This disclosure relates to transmission formats for video transmission and more particularly to systems and methods for controlling the transmission of independent but temporally related elementary video streams.
For reasons discussed in the above entitled co-pending application titled SYSTEMS AND METHODS FOR HIGHLY EFFICIENT COMPRESSION OF VIDEO, situations exist where for high compression efficiency the video stream is divided into a Detail portion and a Carrier portion which, while locked together temporally are actually independent streams compressed separately. For discussion purposes herein, the output of the encoding process is an elementary stream and is a detailed series of bits representing the output of the encoder. In the prior art, there would be one elementary video stream for the video and one elementary audio stream for the audio. In the high compression encoder circuit discussed above, there are two elementary video streams which present challenges to transportation of the streams using existing formats.
One challenge is to mesh the two elementary video streams into a single stream so as to be able to leverage existing video production systems and transports. This meshing must be accomplished in a manner to avoid the necessity of working on a case by case basis to modify existing supporting tools and equipment. In some situations, such as MPEG-4, the file container allows a second video stream to be carried in the existing container format.

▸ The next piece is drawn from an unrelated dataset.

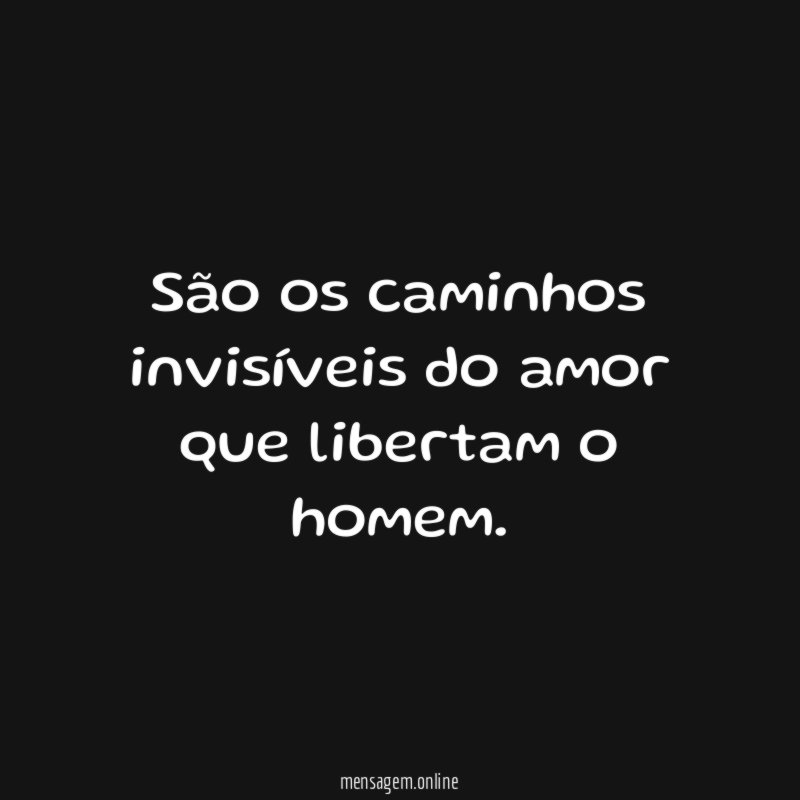 São os caminhos invisíveis do amor que libertam o homem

However, existing video production systems have a fairly structured framework as to how video and audio pipelines are laid out. In that structure there is only room for one video decoder stream. The problem with trying to put two video streams together stems primarily from the way video is packetized. When a frame (a series of pixels forming one picture) of raw video arrives there is certain information about that frame that must be stored with that portion of data. This information is, for example, a timestamp indicating when the associated frame will be presented and a resolution, i.e., the size of the stream of video associated with the frame.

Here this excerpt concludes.